The backbone confers many special properties like antibiotic resistance, an origin of replication, and more. Discuss with your node to decide on appropriate antibiotic options. At MIT/Harvard, you can use Ampicillin, Chloramphenicol, or Kanamycin resistance.

Twist vectors do not contain restriction sites near the insert fragment, so make sure to flank your design with cut sites if you are intending to extract this DNA insert fragment later.

For this demonstration, choose a Twist cloning vectors like pTwist Amp High Copy.

Click into your sequence and select download construct (GenBank) to get the full plasmid sequence:

Go back to your Benchling account. Inside of a folder, click the import DNA/RNA sequence button and upload the GenBank file you just downloaded.

This is the plasmid you just built with your expression cassette included. Congratulations on building your first plasmid!

Part 5: DNA Read/Write/Edit

5.1 DNA Read (i) What DNA would you want to sequence (e.g., read) and why? This could be DNA related to human health (e.g. genes related to disease research), environmental monitoring (e.g., sewage waste water, biodiversity analysis), and beyond (e.g. DNA data storage, biobank).

(ii) In lecture, a variety of sequencing technologies were mentioned. What technology or technologies would you use to perform sequencing on your DNA and why? Also answer the following questions:

Is your method first-, second- or third-generation or other? How so?
2.- What is your input? How do you prepare your input (e.g. fragmentation, adapter ligation, PCR)? List the essential steps.
What are the essential steps of your chosen sequencing technology, how does it decode the bases of your DNA sample (base calling)?
What is the output of your chosen sequencing technology?

5.2 DNA Write

(i) What DNA would you want to synthesize (e.g., write) and why? These could be individual genes, clusters of genes or genetic circuits, whole genomes, and beyond. As described in class thus far, applications could range from therapeutics and drug discovery (e.g., mRNA vaccines and therapies) to novel biomaterials (e.g. structural proteins), to sensors (e.g., genetic circuits for sensing and responding to inflammation, environmental stimuli, etc.), to art (DNA origamis). If possible, include the specific genetic sequence(s) of what you would like to synthesize!

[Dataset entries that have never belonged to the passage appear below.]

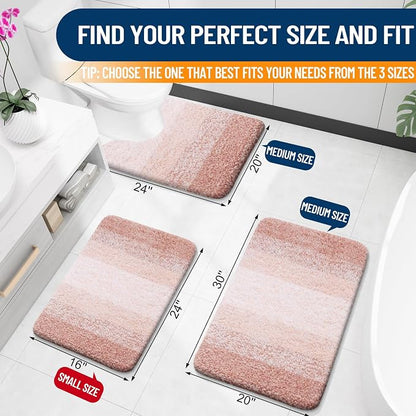 OLANLY Bathroom Runner Rugs Mat 47x17, Extra Soft Absorbent Microfiber Bath Rugs, Rubber Backing, Quick Dry, Washable Long Bath Mats for Bathroom Floor, Tub and Shower, Home Decor Accessories, Peach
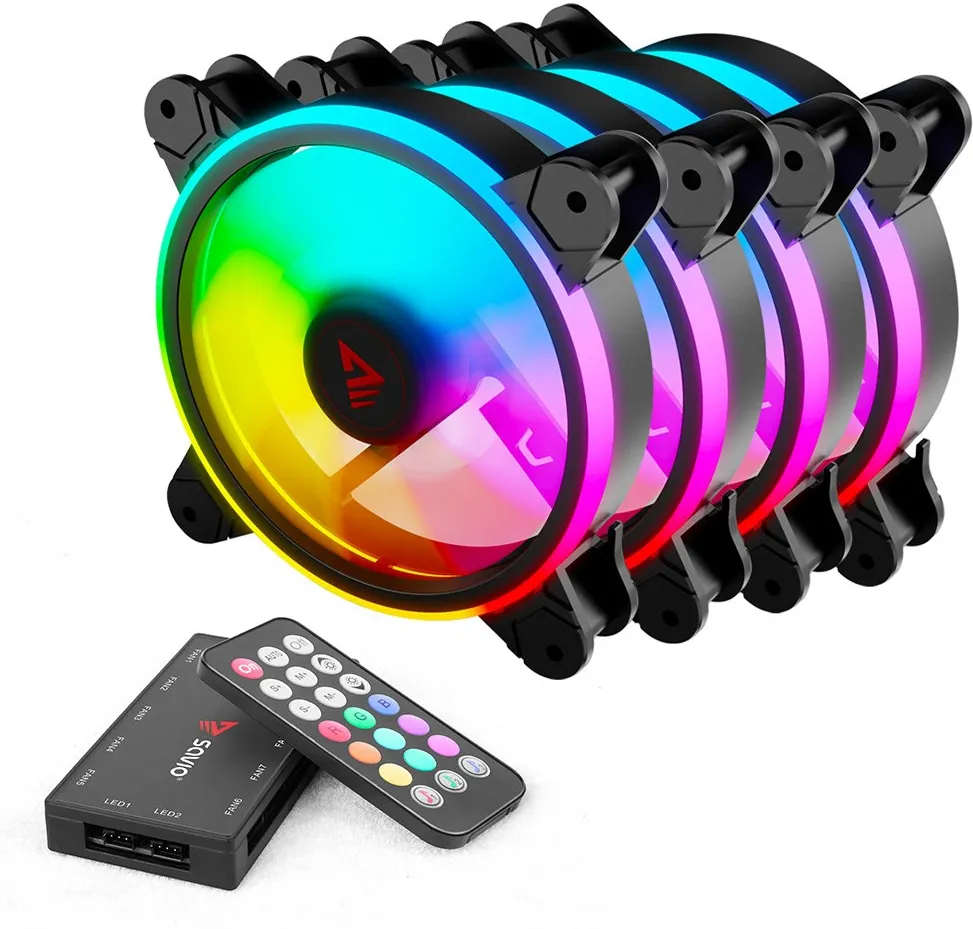 SAVIO FAN-01 4-pack 120mm ARGB fan including controller and remote control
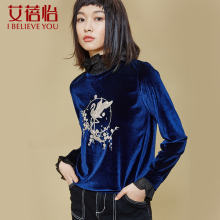 艾蓓怡套头卫衣2017新款女圆领长袖chic秋季上衣绣花丝绒图片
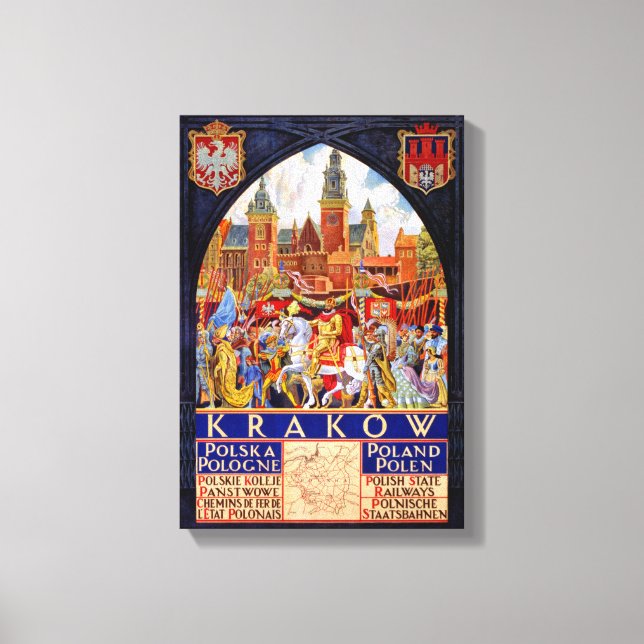 Lienzo Restauración del Poster de viajes de la vieja ciud (Anverso)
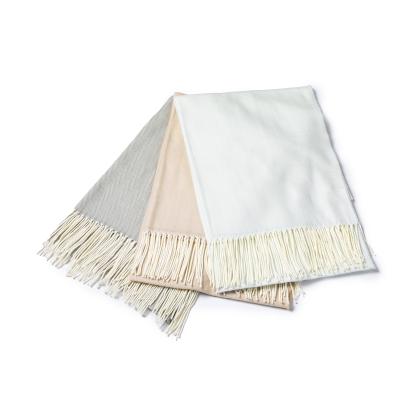 China Factory direct sales Fishbone light color elegant and warm series ultra-soft looks like cashmere woven shawl for sale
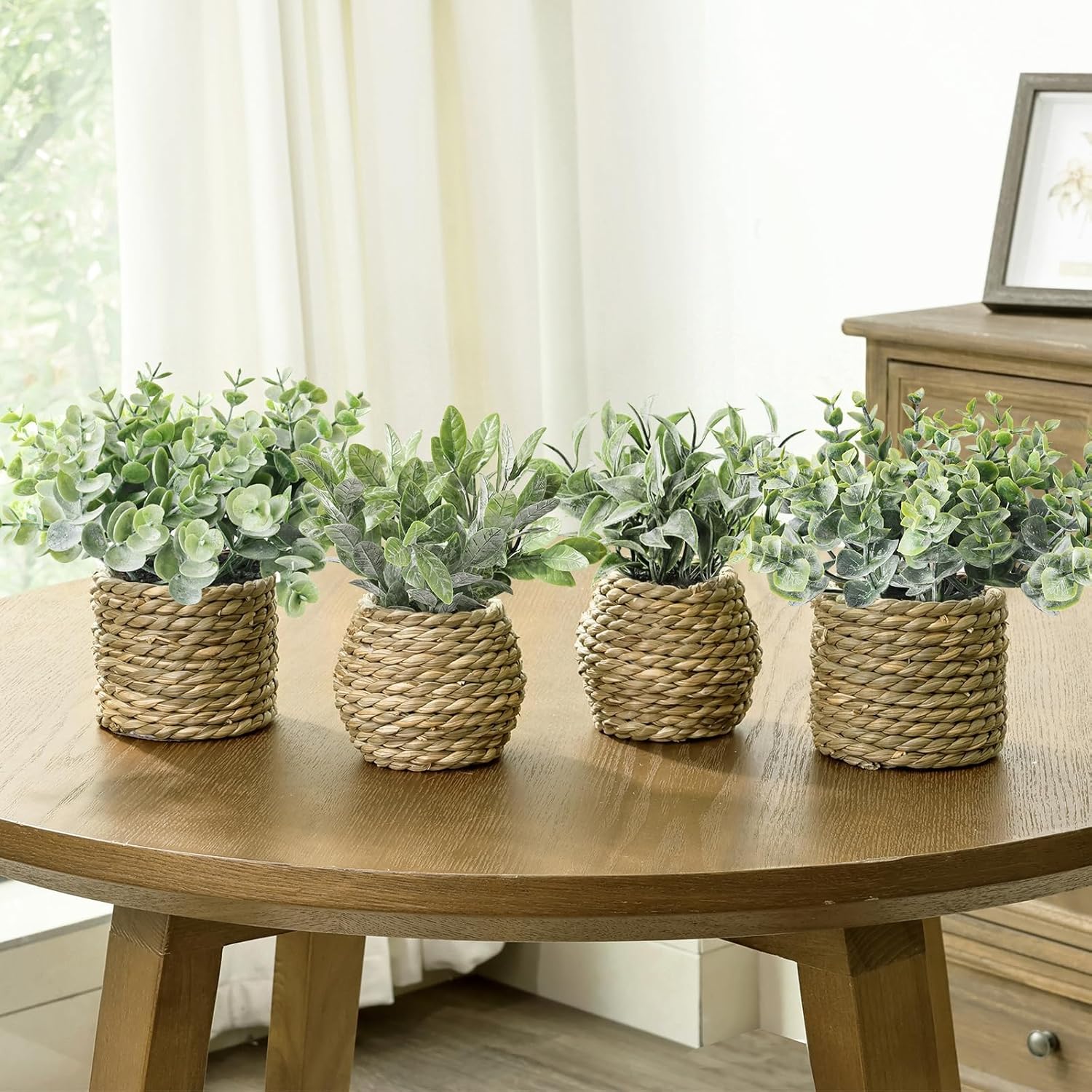 Small Fake Potted Plants: 7 Inches Artificial Plants with Seagrass Handwoven Planters, Indoor Farmhouse Spring Decorations, Eucalyptus Plant for Home Bathroom Office Shelf Tabletop Desk Room Decor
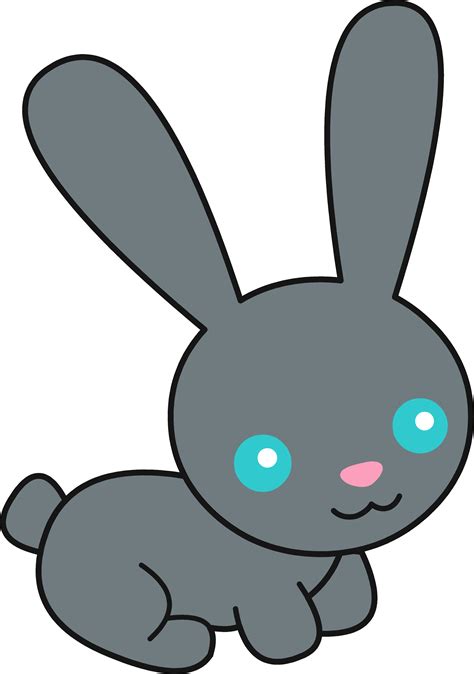 Cute Black Bunny Rabbit Free Clip Art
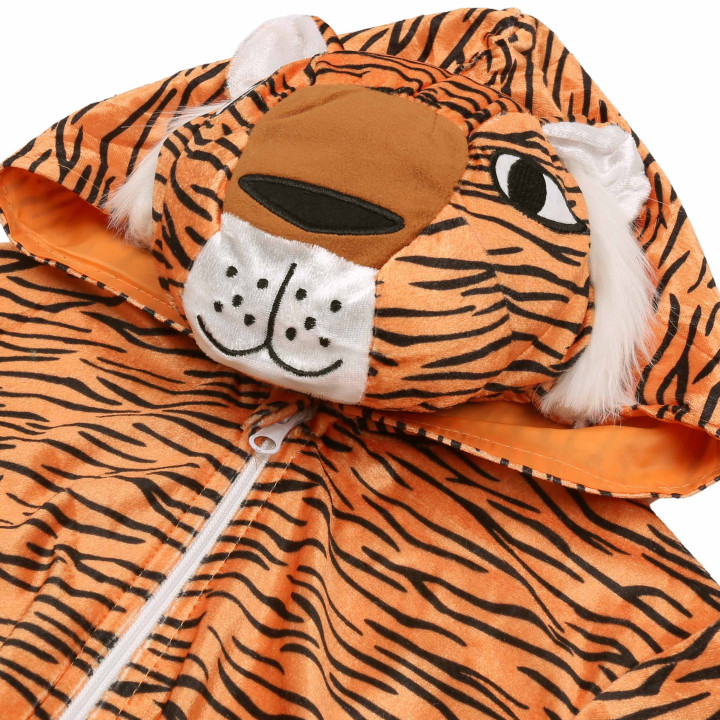 Tijger Kinder Onesie met Capuchon, Verkleedkleding, Kinderkostuum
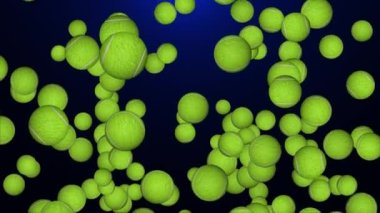 Uçan Tenis Topları Animasyonu, Arkaplan, Döngü, 4k Spor ve Hobi Konsepti.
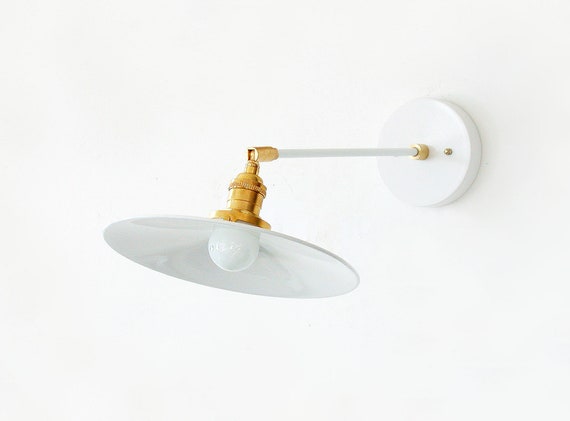 Industrial White Metal Shade Wall Sconce Lamp Adjustable Industrial Fixture Wall Light Kitchen Lighting Kitchen Wall Fixture Lamp Sconce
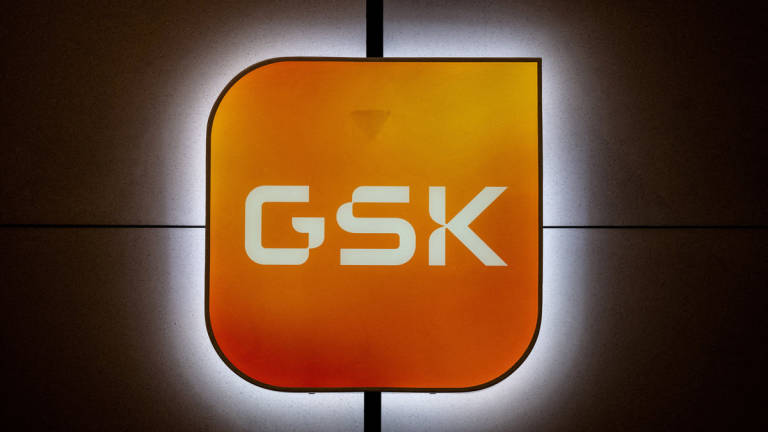 Signage is pictured in the main lobby of GSK offices in London, Britain, February 20, 2025. - REUTERS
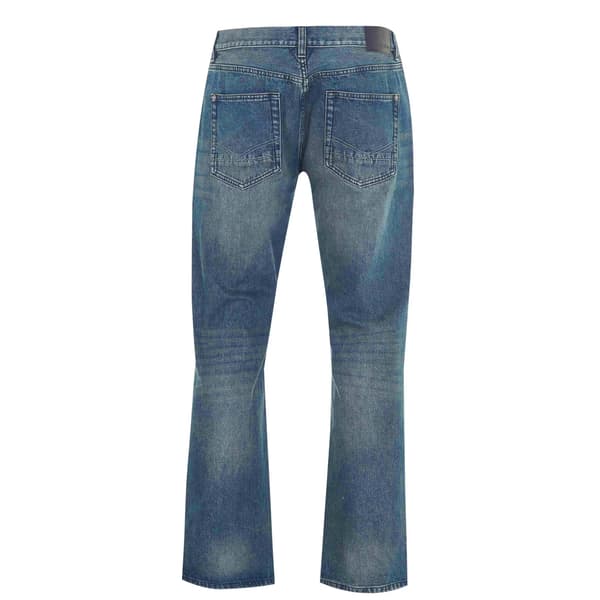 Firetrap Herr Tokyo Bootcut Jeans i Bomull 30S Blå Tvätt Blue Wash 30S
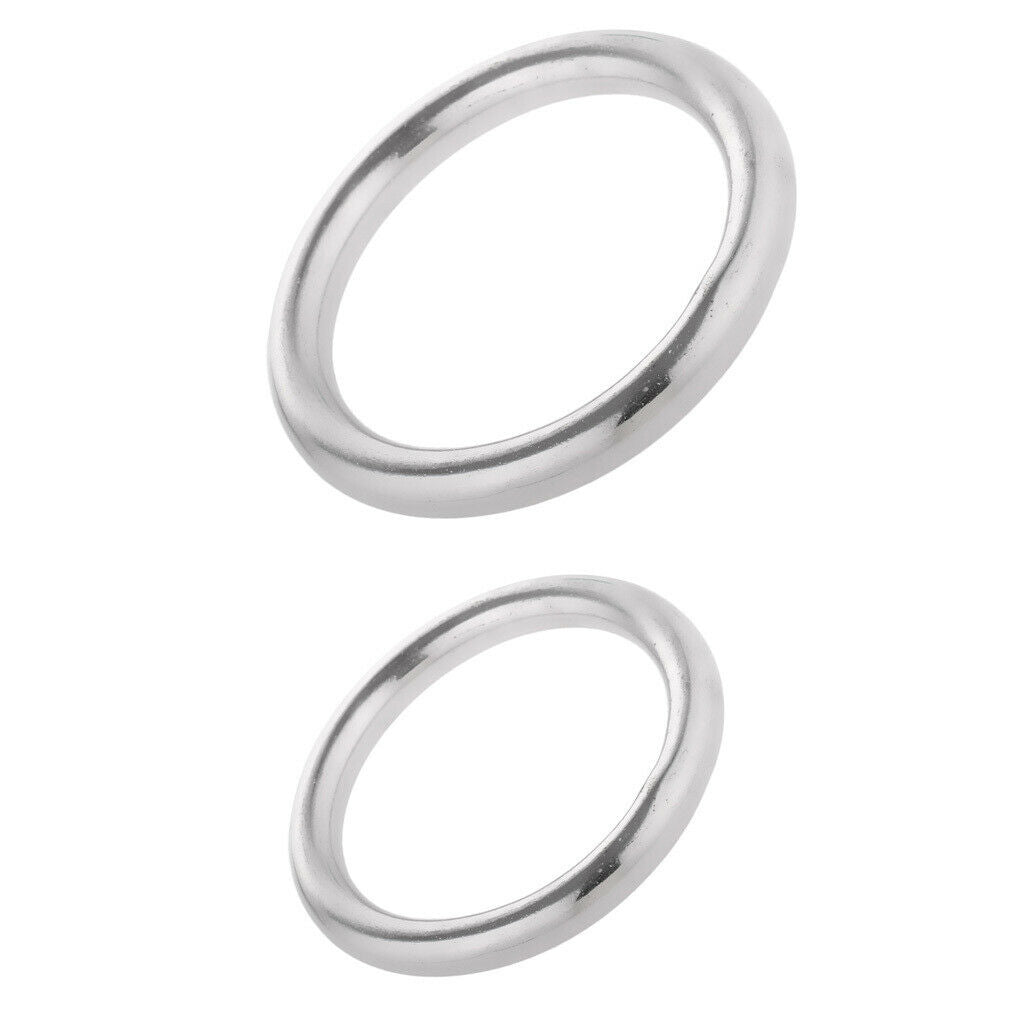 2pcs Boat Marine Stainless Steel Welded Polished O Rings 40mm & 30mm Diameter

You will have the opportunity to actually have Twist synthesize these DNA constructs! :)

See some famous examples of DNA design

(ii) What technology or technologies would you use to perform this DNA synthesis and why? Also answer the following questions:

What are the essential steps of your chosen sequencing methods? What are the limitations of your sequencing method (if any) in terms of speed, accuracy, scalability?

5.3 DNA Edit

(i) What DNA would you want to edit and why? In class, George shared a variety of ways to edit the genes and genomes of humans and other organisms. Such DNA editing technologies have profound implications for human health, development, and even human longevity and human augmentation. DNA editing is also already commonly leveraged for flora and fauna, for example in nature conservation efforts, (animal/plant restoration, de-extinction), or in agriculture (e.g. plant breeding, nitrogen fixation). What kinds of edits might you want to make to DNA (e.g., human genomes and beyond) and why?

(ii) What technology or technologies would you use to perform these DNA edits and why? Also answer the following questions:

How does your technology of choice edit DNA? What are the essential steps?
What preparation do you need to do (e.g. design steps) and what is the input (e.g. DNA template, enzymes, plasmids, primers, guides, cells) for the editing?
What are the limitations of your editing methods (if any) in terms of efficiency or precision?